The peculiar nature of the facts surrounding these women's deaths would eventually lead to estate litigation. Willie Mae didn't have any type of estate plan, but Crystal did. Crystal had a will that named her mother as the sole primary beneficiary and then named several others as alternate beneficiaries if her mother did not survive her.
As is fairly clear from these facts, Crystal seems to have had a basic but relatively well-thought-out plan. She wanted, as her primary goal, her wealth to go to her mother, for her mother to use and enjoy for the remainder of her life. If that goal could not be realized because the mother died before she did, then she had other people whom she wanted to receive her assets.
The problem arose because the distribution of Crystal's assets could go two very different possible ways. If Willie Mae did not legally outlive Crystal, then all of Crystal's assets would go to her named alternate beneficiaries. If Willie Mae did legally survive Crystal, then Crystal's assets went to the mother and all of both women's wealth would distribute under the rules of intestacy as part of the mother's intestate estate. This led one of Crystal's brothers, who was set to take from Willie Mae's intestate estate, but was not a named beneficiary in Crystal's will, to take the case to court, arguing that Crystal's estate belonged to Willie Mae.
That meant that, even though the mother technically outlived her daughter, as far as probate law was concerned, she had predeceased Crystal and Crystal's wealth went to the people she had named in her will as alternate beneficiaries. Crystal, by taking the time to name those alternate beneficiaries, was able to continue to control her legacy even after her primary beneficiary (her mother) died.

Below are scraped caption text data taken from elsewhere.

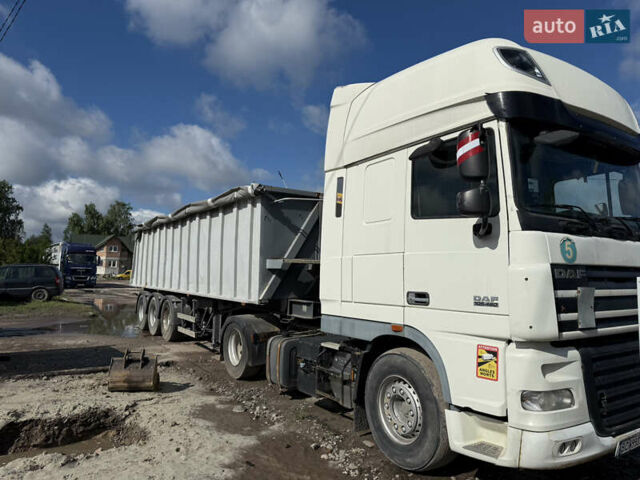 Белый Даф XF 105, объемом двигателя 0 л и пробегом 860 тыс. км за 30000 $, фото 2 на Automoto.ua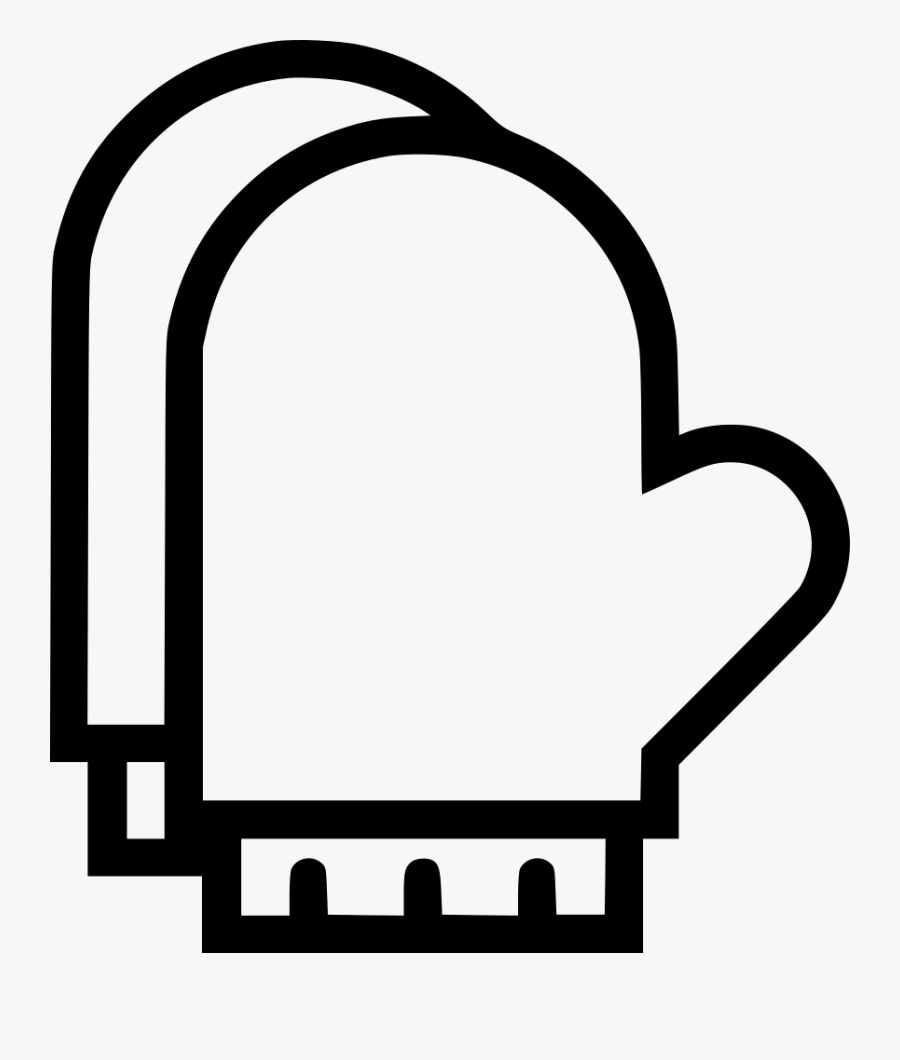 Mittens, Transparent Clipart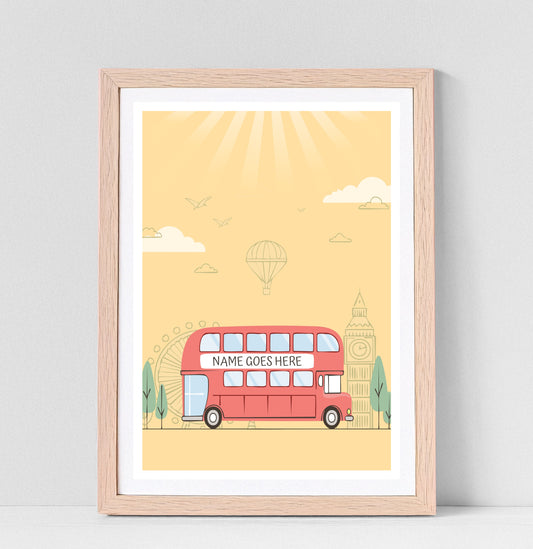 Big Red Bus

In Ohio, like most states, there's a law to cover this circumstance. Like estate planning generally, the law of "simultaneous deaths" allows you to take control within your estate planning documents and state the exact length of time by which a beneficiary must outlive you in order to take from your estate. If you don't name a timeframe in your estate, the state names one for you. In Ohio, the statutory time duration is 120 hours. Crystal's will did not contain a simultaneous death clause, which meant that the statute's time period was the one used. Willie Mae died less than 24 hours after Crystal did, which was far less than 120 hours.